But Christians think that God Himself has taught us how to speak of Him. To say that it does not matter is to say either that all the masculine imagery is not inspired, is merely human in origin, or else that, though inspired, it is quite arbitrary and unessential. And this is surely intolerable: or, if tolerable, it is an argument not in favour of Christian priestesses but against Christianity. It is also surely based on a shallow view of imagery. Without drawing upon religion, we know from our poetical experience that image and apprehension cleave closer together than common sense is here prepared to admit; that a child who has been taught to pray to a Mother in Heaven would have a religious life radically different from that of a Christian child. And as image and apprehension are in an organic unity, so, for a Christian, are human body and human soul.

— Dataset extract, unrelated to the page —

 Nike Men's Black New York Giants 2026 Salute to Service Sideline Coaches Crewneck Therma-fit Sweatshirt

The innovators are really implying that sex is something superficial, irrelevant to the spiritual life. To say that men and women are equally eligible for a certain profession is to say that for the purposes of that profession their sex is irrelevant. We are, within that context, treating both as neuters.

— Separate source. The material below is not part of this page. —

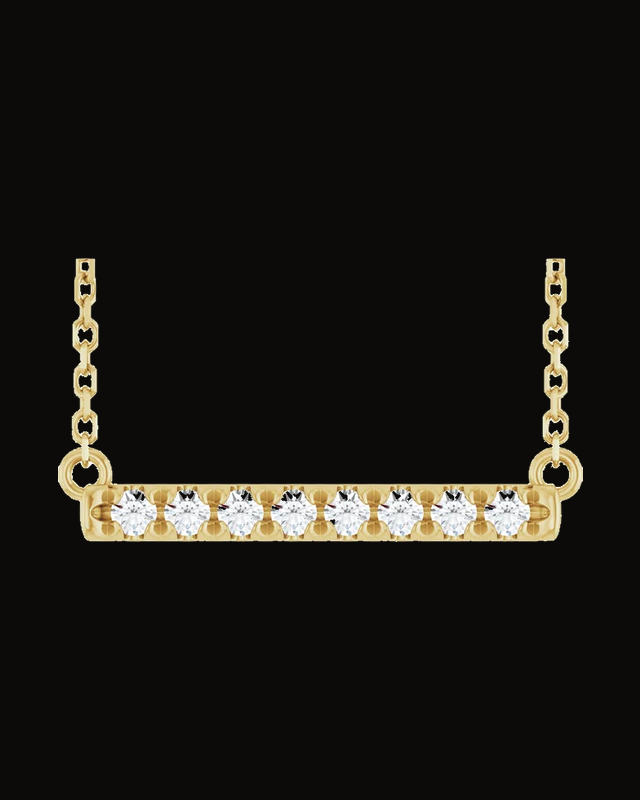 French-Set Bar Necklace or Center — 14K Yellow Gold · Lab-Grown Diamond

As the State grows more like a hive or an ant-hill it needs an increasing number of workers who can be treated as neuters. This may be inevitable for our secular life. But in our Christian life we must return to reality. There we are not homogeneous units, but different and complementary organs of a mystical body. Lady Nunburnholme has claimed that the equality of men and women is a Christian principle. I do not remember the text in scripture nor the Fathers, nor Hooker, nor the Prayer Book which asserts it; but that is not here my point. The point is that unless “equal” means “interchangeable”, equality makes nothing for the priesthood of women. And the kind of equality which implies that the equals are interchangeable (like counters or identical machines) is, among humans, a legal fiction
The defeat of the motion in the CofE synod is a nasty blow for Rowan Williams – who strongly supported it – and, potentially, for his replacement, Justin Welby who now has to deal with Rev Rachel Weir and her ilk, whose desire to have synodical blessing on what appears to be an unseemly ambition to claw one’s way to the top has been thwarted. For five years, at least.